13:05 RSpliet: pmoreau: https://github.com/shinpei0208/gdev
13:07 RSpliet: Beware, code is as stale as a US congressman
13:07 karolherbst: does it even work
13:07 pmoreau: Oh, the name gdev rings a bell
13:08 karolherbst: and it is proprietary
13:08 RSpliet: karolherbst: it used to work.
13:08 karolherbst: so -> no interest in gdev
13:08 karolherbst: yeah, well, I changed my mind about if I care if it works or not, it is proprietary
13:08 RSpliet: Also, it's MIT licensed
13:09 karolherbst: the License states something else
13:09 karolherbst: at least in the readme
13:09 karolherbst: so what counts now?
13:09 RSpliet: https://github.com/shinpei0208/gdev/blob/master/LICENSE.txt ?
13:09 karolherbst: allthough it says "Lincese" in the readme
13:09 karolherbst: which is License
13:09 karolherbst: ...
13:10 karolherbst: RSpliet: nah.. I don't work with projects who don't have their license situation figured out
13:10 RSpliet: The readme says something else you mean, but I think it's pretty clear the intention is for it to be MIT licensed
13:10 karolherbst: stating two different license things is kind of messy situation
13:10 RSpliet: shinpei's a friend of the community though, used to hang out here a lot.
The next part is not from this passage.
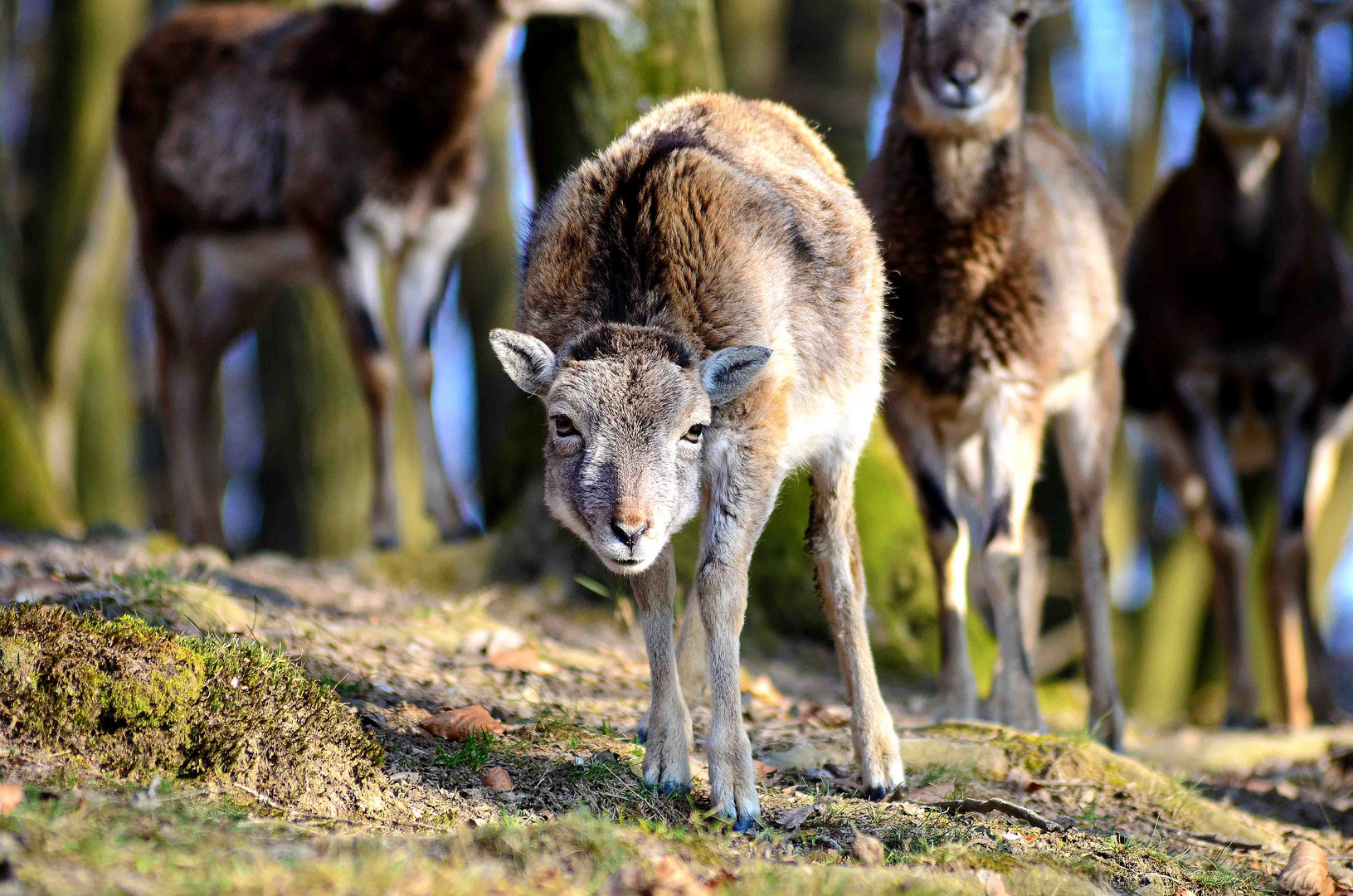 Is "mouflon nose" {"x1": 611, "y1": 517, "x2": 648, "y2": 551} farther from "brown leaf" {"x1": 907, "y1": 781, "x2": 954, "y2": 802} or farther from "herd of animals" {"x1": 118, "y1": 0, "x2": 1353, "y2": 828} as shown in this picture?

You might recognise some of the other contributors as well ;-)
13:10 karolherbst: RSpliet: so? it isn't legally clear what's valid here, which may or may not cause issues
13:11 imirkin: karolherbst: i already suggested he glance at the overflow query thing :)
13:11 karolherbst: imirkin: ahh, nice
13:11 karolherbst: RSpliet: did those work on gdev for real or are those just mentioned because they worked on nouveau?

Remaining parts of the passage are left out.